国公立文系志望のAさんと私立文系志望のBさんを比べたとき、高校の全履修科目の習得度で評価すれば、Aさんの方が到達点は高いと考えられるが、私立文系入試の土俵では、AさんがBさんに勝てるわけではない。
Aさんが頑張って取り組んできた共通テストで課される数IA、数IIBC、理科基礎2科目、情報が関係なくなる。Bさんは時間を集中投下した文系3科目で勝負できる。当たり前のことを言っているだけだが、この差は大きい。
高1の後半に国公立大学文系を目指すと決めたとき、即ち、共通テスト対策に時間を投入すると決めたとき、国公立文系の土俵で勝負するしかない。異種格闘技である私立文系入試では苦戦を強いられる可能性がある。

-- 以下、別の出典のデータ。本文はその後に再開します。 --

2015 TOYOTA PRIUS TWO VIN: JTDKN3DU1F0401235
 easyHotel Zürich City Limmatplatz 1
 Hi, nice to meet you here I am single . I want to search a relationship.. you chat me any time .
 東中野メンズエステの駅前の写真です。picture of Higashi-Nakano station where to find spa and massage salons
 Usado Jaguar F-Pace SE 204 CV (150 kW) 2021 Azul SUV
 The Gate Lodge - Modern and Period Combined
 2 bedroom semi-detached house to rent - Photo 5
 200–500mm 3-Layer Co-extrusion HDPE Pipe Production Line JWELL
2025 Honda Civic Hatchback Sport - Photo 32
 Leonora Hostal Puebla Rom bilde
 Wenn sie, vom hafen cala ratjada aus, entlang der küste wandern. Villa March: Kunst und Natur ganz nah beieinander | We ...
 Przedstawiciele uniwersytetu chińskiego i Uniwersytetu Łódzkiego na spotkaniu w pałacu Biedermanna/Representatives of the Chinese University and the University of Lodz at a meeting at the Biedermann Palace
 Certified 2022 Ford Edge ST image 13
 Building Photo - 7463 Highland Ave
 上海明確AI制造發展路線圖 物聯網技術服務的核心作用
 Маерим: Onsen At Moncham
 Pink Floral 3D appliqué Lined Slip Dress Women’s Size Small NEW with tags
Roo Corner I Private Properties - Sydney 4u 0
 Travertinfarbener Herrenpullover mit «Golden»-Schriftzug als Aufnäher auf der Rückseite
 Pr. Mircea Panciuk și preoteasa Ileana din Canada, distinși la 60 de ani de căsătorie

一方で、高1の後半に私立文系を目指すと決めたとき、理数系科目が苦手でも関係ない。英語が得意なら十分に戦える。英語の配点割合が40%以上の大学学部が多い。英語を制する者が私立文系を制する。
文系の場合、「東大・一橋を別にすれば、国公立大学より早慶・MARCHを目指した方がいいんじゃないの?」と思えてくる。大学に入ることだけを考えたら、そういうことなのかもしれない。早慶・MARCHは就活でも強い。
いやいや、待てよ。高校の全履修科目を一定レベルで習得したことが活きないわけがない。どうしたらいいんだろう。
異種格闘技なのだから、国公立文系の人は高校・大学で学んだ体系的知識を活かせる職業、自分が優位に立てる場所を見つける必要がある。
簡単ではないが、これが答えだと思う。